__Problem to work on__
Here is the task for the listing below: output exactly the lines from the one containing "Eternal Rose Serum" through the one containing "Stylish Apartment In", and leave out the pictures.

__Data listing__
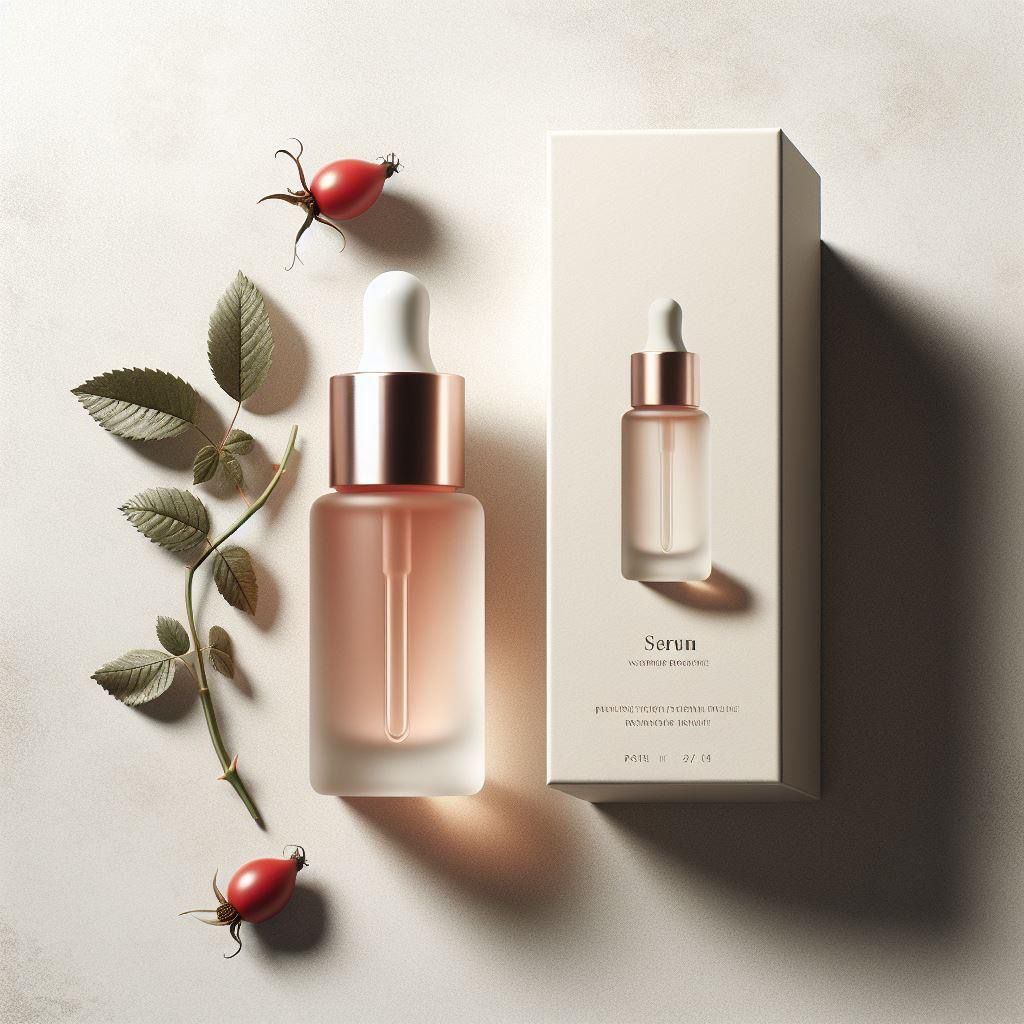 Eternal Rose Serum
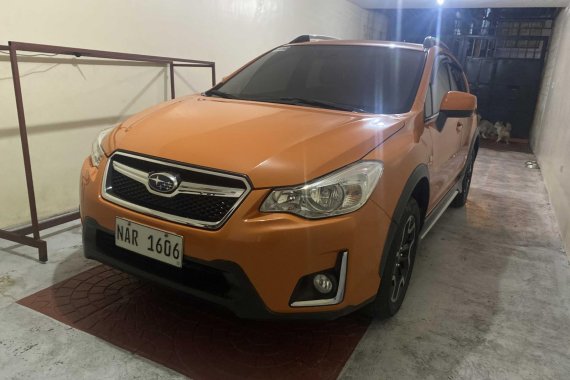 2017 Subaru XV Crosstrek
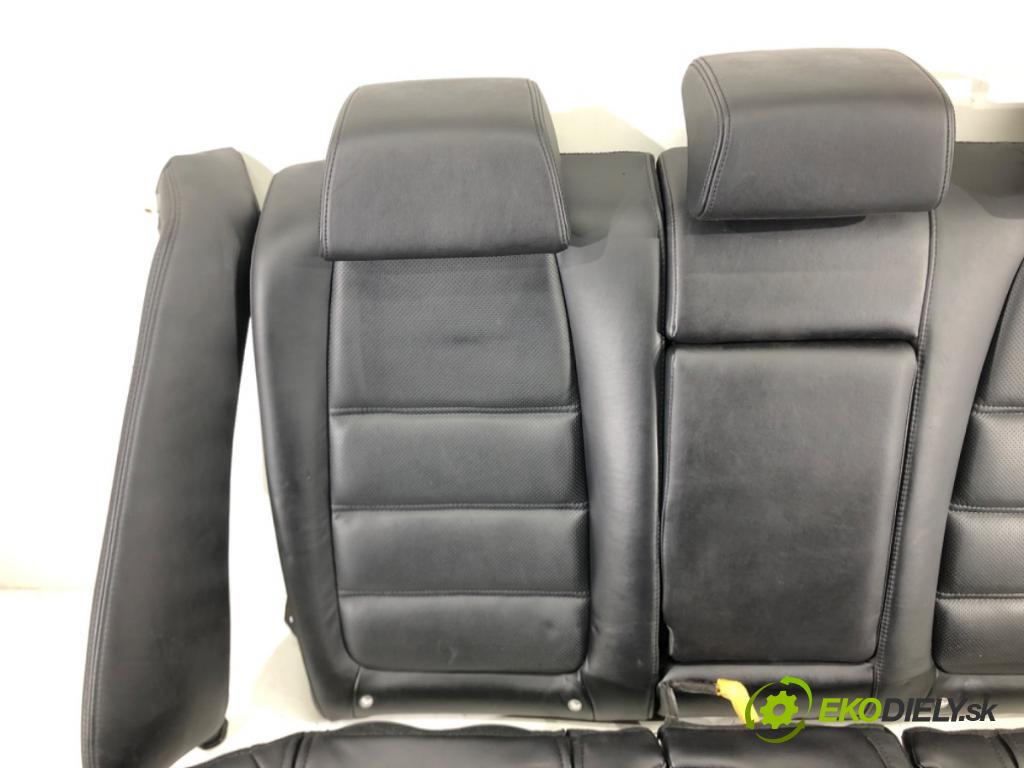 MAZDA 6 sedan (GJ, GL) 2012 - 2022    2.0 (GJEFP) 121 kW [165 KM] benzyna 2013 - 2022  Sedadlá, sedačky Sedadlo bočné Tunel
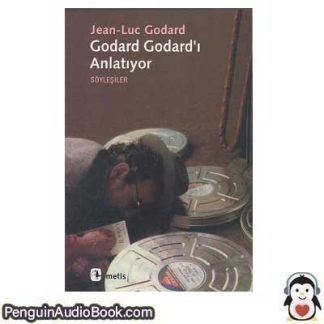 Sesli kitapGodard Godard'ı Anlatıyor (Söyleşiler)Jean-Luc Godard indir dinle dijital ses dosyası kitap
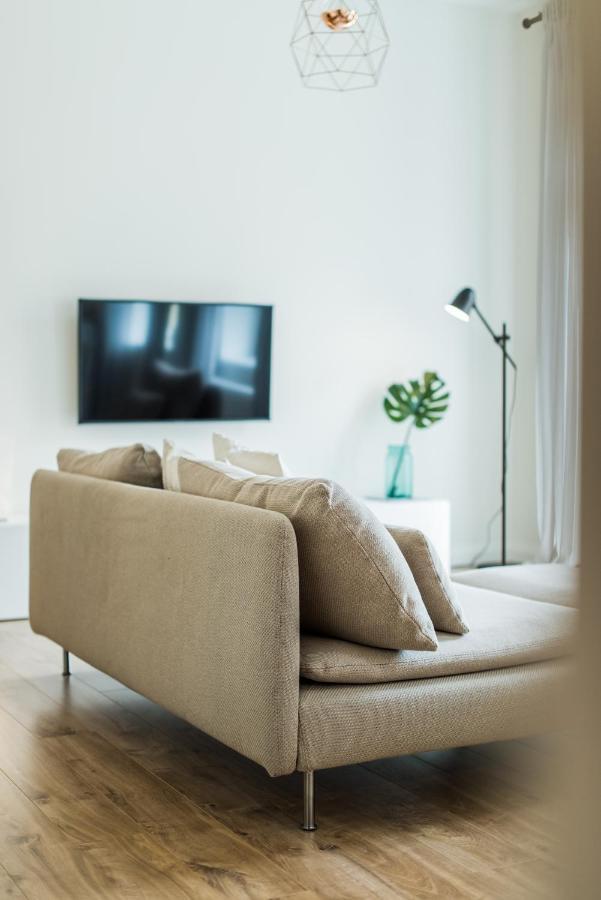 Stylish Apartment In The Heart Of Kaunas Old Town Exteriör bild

---

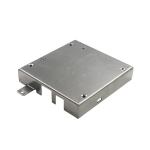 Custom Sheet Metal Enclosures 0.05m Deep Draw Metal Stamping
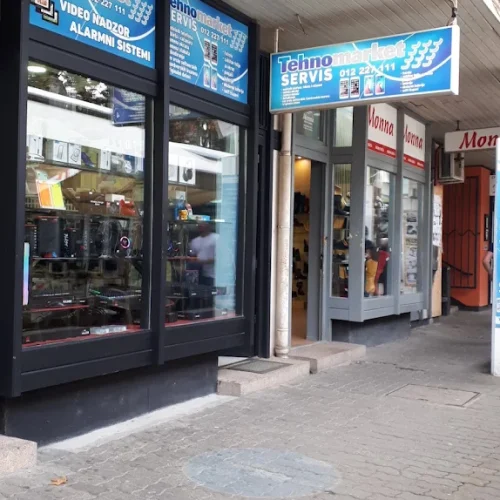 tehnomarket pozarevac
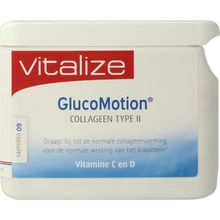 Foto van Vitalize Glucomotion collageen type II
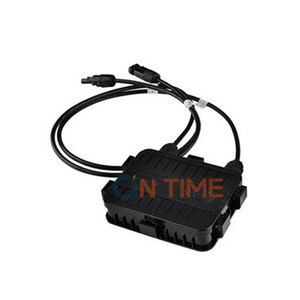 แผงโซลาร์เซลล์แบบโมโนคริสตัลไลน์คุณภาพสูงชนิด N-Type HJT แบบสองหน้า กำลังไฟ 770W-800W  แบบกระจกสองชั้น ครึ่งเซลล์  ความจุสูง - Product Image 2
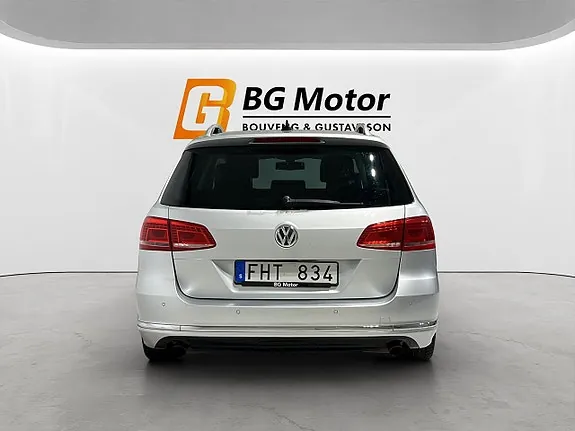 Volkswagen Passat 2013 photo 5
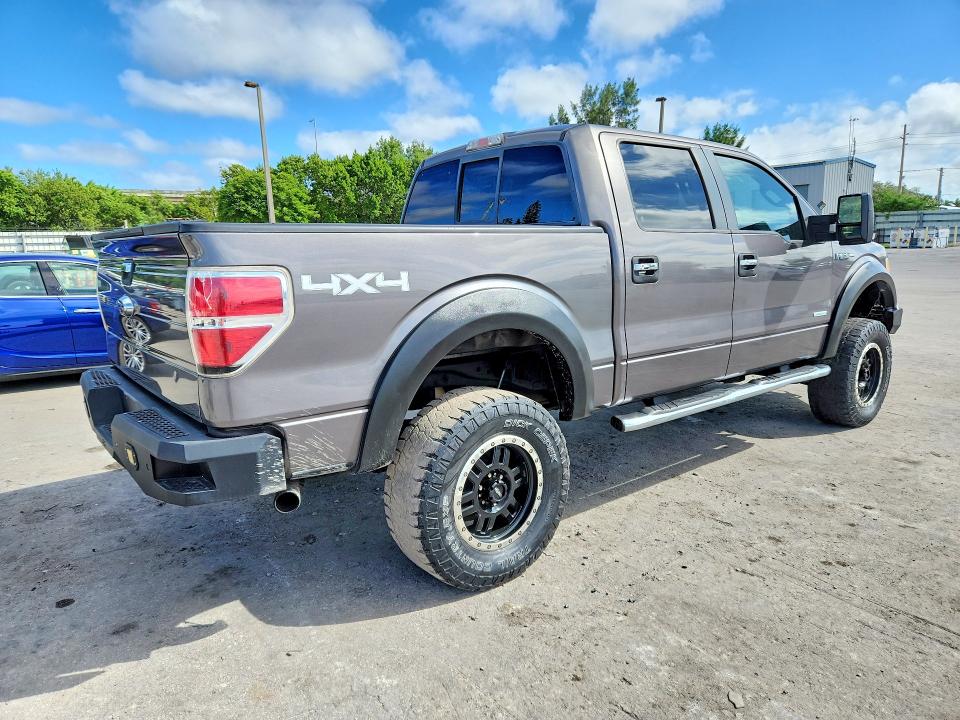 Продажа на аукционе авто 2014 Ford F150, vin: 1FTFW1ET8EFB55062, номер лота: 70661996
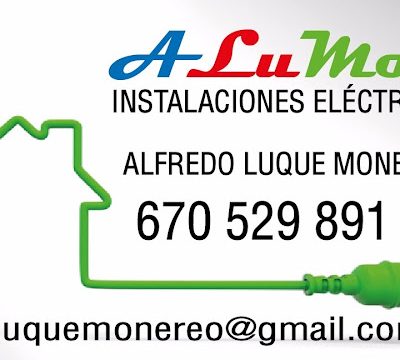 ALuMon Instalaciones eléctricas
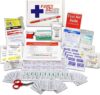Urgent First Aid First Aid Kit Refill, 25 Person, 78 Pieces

==

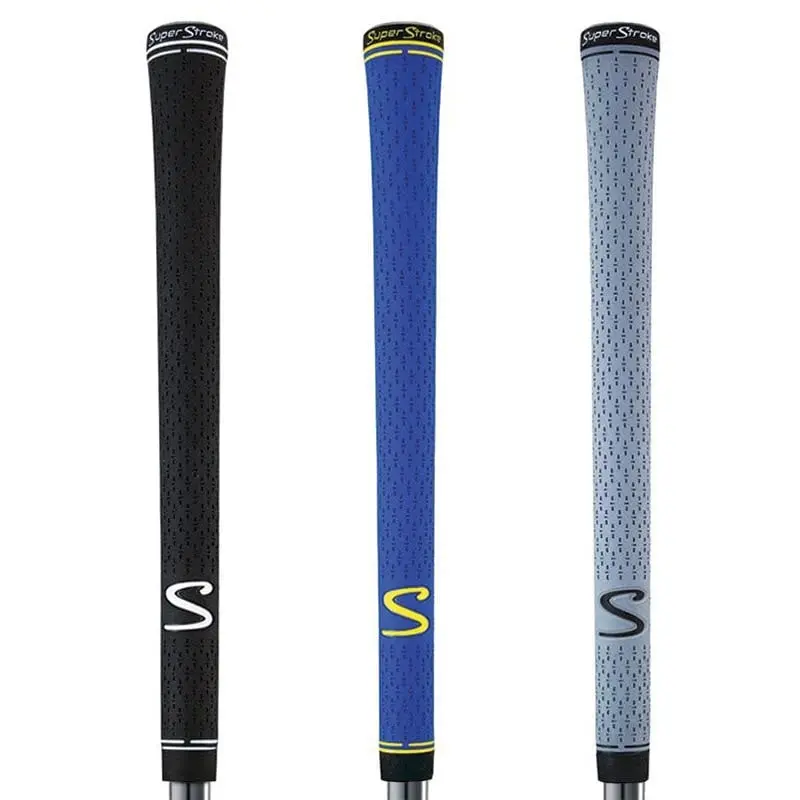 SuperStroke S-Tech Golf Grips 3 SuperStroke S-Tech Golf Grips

__Response below__
 Eternal Rose Serum
 2017 Subaru XV Crosstrek
 MAZDA 6 sedan (GJ, GL) 2012 - 2022    2.0 (GJEFP) 121 kW [165 KM] benzyna 2013 - 2022  Sedadlá, sedačky Sedadlo bočné Tunel
 Sesli kitapGodard Godard'ı Anlatıyor (Söyleşiler)Jean-Luc Godard indir dinle dijital ses dosyası kitap
 Stylish Apartment In The Heart Of Kaunas Old Town Exteriör bild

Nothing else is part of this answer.